Collier, John D. “Information increase in biological systems: how does adaptation fit?.” In Evolutionary systems , pp. 129-139. Springer, Dordrecht, 1998.
URL1 URL2
The notion of progress has been virtually banned from mainstream contemporary biology (Nitecki, 1988, p. viii), even though it still lurks in the background (Ruse, 1988). This is a marked change from earlier views, which saw evolution to be distinctly progressive. The complete explanation of this change is no doubt complex, involving factors dear to historians and sociologists of science, such as the breakdown of the Enlightenment view of science and society, and the education and class commitments of prominent authorities. It is probably too early to historically evaluate these forces with any sort of objectivity.
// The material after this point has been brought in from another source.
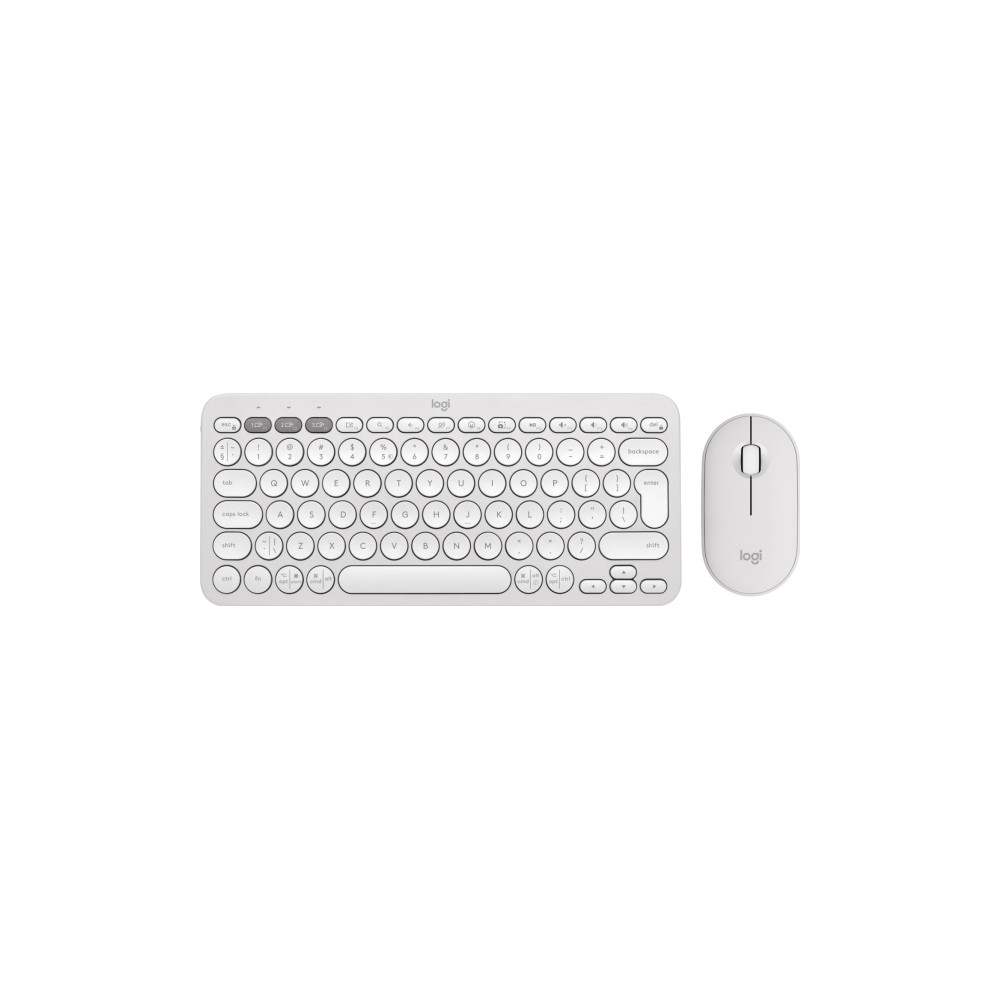 Produktbild för Logitech Pebble 2 Combo - sats med tangentbord och mus - QWERTY - USA, internationellt - tonal white Inmatningsenhet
I will focus instead on the internal logic of the shift, and the extent to which it is justified: progress has no theoretical role in contemporary neo-Darwinian orthodoxy. As John Maynard Smith (1988) points out, given two states of a biological system, there is nothing in Fisher’s “fundamental theorem of natural selection” that would allow a biologist to determine which state is earlier. The hardening of the Modem Synthesis of genetics and population biology has permitted the gradual realization that directed processes of any kind, let alone progressive ones, are neither a probable consequence of nor presupposition of its core theses alone.